On Friday Sidney and I went to the midnight showing of “The Purge: Anarchy” at the Broadway at the Beach movie theater. Before I talk about a certain issue in our theater let me first briefly discuss the film.
To those not in the know, “The Purge: Anarchy” is the sequel to “The Purge.” These movies depict a future America with a new government that sanctions one night each year where murder is legal. It is basically the biggest “holiday” on the calendar and is credited for bringing crime to an all-time historical low in the country. Although the second Purge movie is a sequel, nothing other than the concept of the Purge night is related to the first one.
I enjoyed the film on Friday. It is definitely not for everyone though. I get a rush out of the spooky/odd images, I find the concept of the Purge fascinating, and I am intrigued by the social economics of such an event. The second film dives much more into the class system and the resulting negative ramifications that the Purge creates. The second film also packs a lot of action, twists and turns, and jump out of your seat type moments. Though you don’t necessarily need to get your butt to the theater and watch this film ASAP I would say that if you liked “The Purge” you will definitely like “The Purge: Anarchy.”
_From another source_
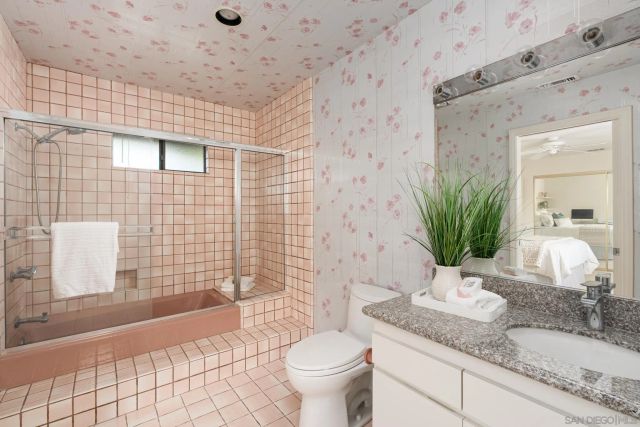 15943 Ranch Hollow Rd, Poway, CA 92064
On to the issue I mentioned above. I can usually effectively block things out that might hinder my enjoyment of something and I think that is why I still enjoyed myself on Friday night. You see, I had never watched a movie with a ruder audience than the one I found myself sitting with during “The Purge: Anarchy.” From the start of the previews to the end credits it was as if everyone thought the audience was there to hear their special commentary rather than watch the featured film.
You can chalk some of it up to us watching a movie at midnight at a theater in a district of Myrtle Beach that is home to the coolest bars and clubs in town. Judging by the antics of most people around us, they more than likely had a few strong ones before entering the theater. But I am not about to excuse the behavior all on the possibility of alcohol and who knows what else. Rather, I think just a lot of immaturity, heightened sense of self, and lack of courtesy contributed mightily to the amateur comedy hour.
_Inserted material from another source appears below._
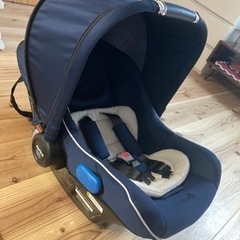 アップリカ　スムーブ　カーシート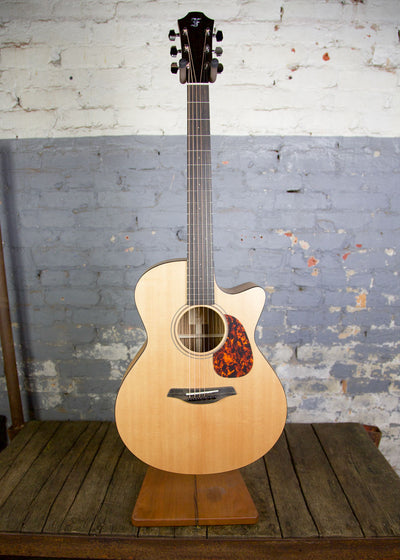 Furch Guitars: GC-SA  Zebra Wood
People all around us yelled, heckled, and laughed (it was a thriller/horror movie) the whole time. If they had something to say instead of just bothering the person next to them they decided to announce it to the whole auditorium. Besides other things, right off the top of my head I recall people hollering “Kill that B@#$% too,” “SHOOT HIM UP,” and “That dumb@$$ deserves to die!” Like I said, these comments never let up. I will give it to a very select few in the audience, their comments were witty, almost as if they had already seen the movie beforehand and then wrote jokes for their return trip to the midnight showing. However, I don’t care if what they have to say is Jimmy Kimmel type material, I don’t want audience participation during my movie.
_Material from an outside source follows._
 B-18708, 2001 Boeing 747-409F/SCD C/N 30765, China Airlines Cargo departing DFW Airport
I won’t get too worked up about this though. Very rarely does this happen when I venture to the theater. In fact, I guess every once in a blue moon you should expect a bad crowd when going to the movies. I mean l have to be honest, I have sat with bad crowds at sporting events, public ceremonies, and even church. It is just something that you have to block out when faced with. No more midnight movies for me. Don’t Blink.